§ **Exercise instructions**
Every entry must be output exactly as it was written.

===== Records shown =====

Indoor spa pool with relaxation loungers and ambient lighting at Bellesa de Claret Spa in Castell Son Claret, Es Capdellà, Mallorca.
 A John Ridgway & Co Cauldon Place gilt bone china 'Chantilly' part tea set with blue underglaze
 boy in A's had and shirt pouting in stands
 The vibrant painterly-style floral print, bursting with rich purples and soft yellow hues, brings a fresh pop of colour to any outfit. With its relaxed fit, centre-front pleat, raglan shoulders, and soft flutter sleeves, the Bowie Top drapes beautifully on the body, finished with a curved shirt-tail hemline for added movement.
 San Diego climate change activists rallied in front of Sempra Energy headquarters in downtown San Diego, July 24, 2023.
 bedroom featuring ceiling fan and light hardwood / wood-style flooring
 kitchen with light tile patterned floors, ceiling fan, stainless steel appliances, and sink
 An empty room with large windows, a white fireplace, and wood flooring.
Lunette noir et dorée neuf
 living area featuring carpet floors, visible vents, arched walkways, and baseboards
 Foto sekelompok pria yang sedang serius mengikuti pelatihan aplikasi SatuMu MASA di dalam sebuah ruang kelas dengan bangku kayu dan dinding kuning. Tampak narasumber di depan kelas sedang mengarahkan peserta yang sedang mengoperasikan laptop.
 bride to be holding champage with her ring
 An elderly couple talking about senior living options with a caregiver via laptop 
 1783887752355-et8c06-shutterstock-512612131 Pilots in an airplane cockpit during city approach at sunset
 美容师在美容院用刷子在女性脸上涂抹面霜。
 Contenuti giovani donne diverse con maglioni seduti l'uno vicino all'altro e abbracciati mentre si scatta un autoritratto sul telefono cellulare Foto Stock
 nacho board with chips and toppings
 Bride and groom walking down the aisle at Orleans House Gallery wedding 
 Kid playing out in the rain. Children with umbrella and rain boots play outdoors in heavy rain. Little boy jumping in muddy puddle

=====

§ **Solution to the problem**
Indoor spa pool with relaxation loungers and ambient lighting at Bellesa de Claret Spa in Castell Son Claret, Es Capdellà, Mallorca.
 A John Ridgway & Co Cauldon Place gilt bone china 'Chantilly' part tea set with blue underglaze
 boy in A's had and shirt pouting in stands
 The vibrant painterly-style floral print, bursting with rich purples and soft yellow hues, brings a fresh pop of colour to any outfit. With its relaxed fit, centre-front pleat, raglan shoulders, and soft flutter sleeves, the Bowie Top drapes beautifully on the body, finished with a curved shirt-tail hemline for added movement.
 San Diego climate change activists rallied in front of Sempra Energy headquarters in downtown San Diego, July 24, 2023.
 bedroom featuring ceiling fan and light hardwood / wood-style flooring
 kitchen with light tile patterned floors, ceiling fan, stainless steel appliances, and sink
 An empty room with large windows, a white fireplace, and wood flooring.
Lunette noir et dorée neuf
 living area featuring carpet floors, visible vents, arched walkways, and baseboards
 Foto sekelompok pria yang sedang serius mengikuti pelatihan aplikasi SatuMu MASA di dalam sebuah ruang kelas dengan bangku kayu dan dinding kuning. Tampak narasumber di depan kelas sedang mengarahkan peserta yang sedang mengoperasikan laptop.
 bride to be holding champage with her ring
 An elderly couple talking about senior living options with a caregiver via laptop 
 1783887752355-et8c06-shutterstock-512612131 Pilots in an airplane cockpit during city approach at sunset
 美容师在美容院用刷子在女性脸上涂抹面霜。
 Contenuti giovani donne diverse con maglioni seduti l'uno vicino all'altro e abbracciati mentre si scatta un autoritratto sul telefono cellulare Foto Stock
 nacho board with chips and toppings
 Bride and groom walking down the aisle at Orleans House Gallery wedding 
 Kid playing out in the rain. Children with umbrella and rain boots play outdoors in heavy rain. Little boy jumping in muddy puddle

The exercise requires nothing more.